Sunday, April 26, 2009

Putting it all Together

The biggest challenge, and frankly what makes triathlon a great sport in my mind, is putting all three sports together. What I mean by this is crafting your training to make sure one sport isn't lagging behind the others. I hear so many times at the end of races...."dude I had a personal record (that's called a PR) on the bike by 5 minutes." What they aren't talking about is that they had to start walking at mile 3 on the run because they had nothing left in their legs. All three sports have to progress at the same, or at least at race time you have to try to get your fitness as close as you can. This often means training your hardest on the sport you are the weakest in. Sounds easy, but for most this means they have to spend the most amount of time doing the sport they like the least. For me, I guess I'm lucky in that I like all 3 of the sports, but like running the best. For me they all are so different it is refreshing. Like yesterday I trained for 6.5 hours, doing a long bike, a short run, and a short swim later. It didn't feel like 6.5 hours of "training" because each sport is so different.

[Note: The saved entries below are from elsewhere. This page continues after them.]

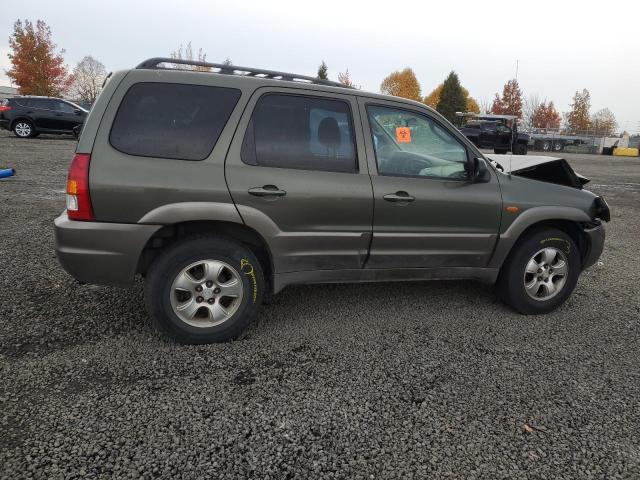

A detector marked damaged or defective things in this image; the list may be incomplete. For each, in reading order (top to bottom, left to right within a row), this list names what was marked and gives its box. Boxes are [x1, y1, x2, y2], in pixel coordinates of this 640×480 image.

crumpled hood [484, 156, 592, 189] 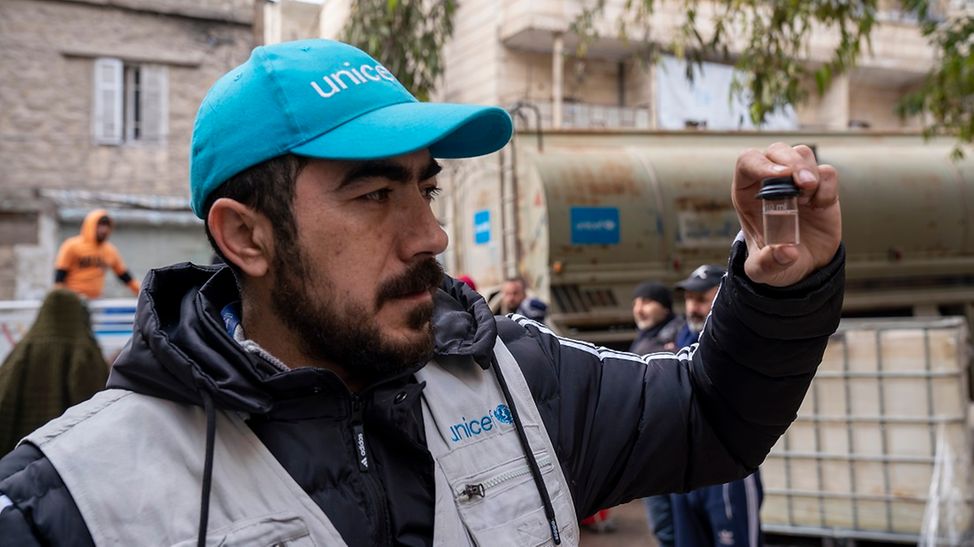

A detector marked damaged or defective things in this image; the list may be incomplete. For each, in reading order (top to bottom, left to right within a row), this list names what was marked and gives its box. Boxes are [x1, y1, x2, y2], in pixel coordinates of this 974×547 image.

rusty metal tank [454, 132, 974, 344] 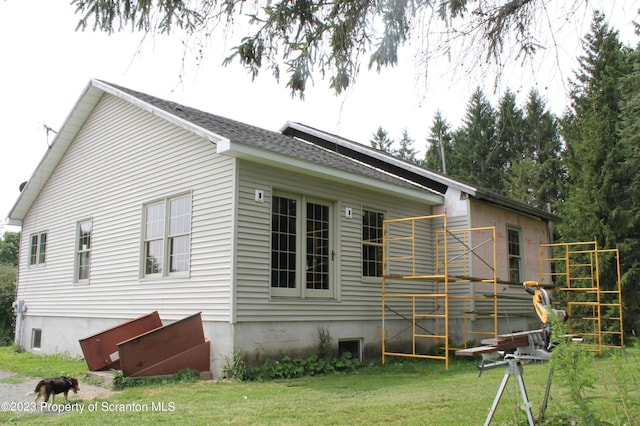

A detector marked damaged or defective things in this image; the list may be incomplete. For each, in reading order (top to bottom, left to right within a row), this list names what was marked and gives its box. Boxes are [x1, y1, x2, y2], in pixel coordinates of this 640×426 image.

rusty metal sheet [79, 312, 162, 372]
rusty metal sheet [117, 312, 210, 378] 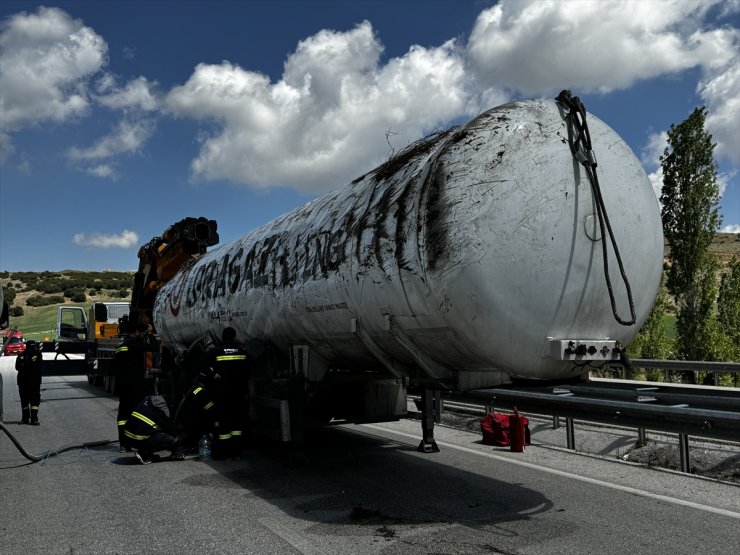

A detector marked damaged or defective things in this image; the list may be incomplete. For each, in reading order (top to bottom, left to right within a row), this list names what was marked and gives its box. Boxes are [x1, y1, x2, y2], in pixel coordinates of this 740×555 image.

So speaking of training more on your weakest sport, which for me is biking. April and the first 1/2 of May are all about the bike, meaning biking is the focus. I hope to get 800 mils in on the bike in April and about that in May (I start racing in May so that impacts total miles by lowering them....which I know sounds funny). My calf injury has greatly reduced my run mileage in April to less than 1/2 of what it typically is, which is ok as I am in bike focus mode.

Speaking of the calf, I still haven't pinpointed exactly what is going on. I believe it is a strained muscle, but at times it has the characteristics of tendinitis. It is slowly healing and with any luck will be healed for my first Tri race mid May.

Yesterday's bike workout was in the mountains in North GA. and yes there are mountains in GA. 86 miles and 11,300 vertical ft of climbing. We did 6 gaps (mountains), think lot's of switchback and 7 miles of steady climbing and 2500 vertical ft. 40-42 mins to go 7 miles means you are just grinding. I am happy with my climbing ability and now believe it will be an advantage at IMCDA. I have been telling myself that for a couple months, because I have the perfect physical characteristics for a climber (very high strength to weight ratio). My lean build will wreck havoc on the big guys who are suited for pushing the big gears on the flats. I can get up the mountains faster with less effort. Hopefully this will all lead to less stress on my legs going into the marathon.

The biking is coming together! Need to do a little more work on the swim, which I am starting on today....4000 yd swim on the books for later today.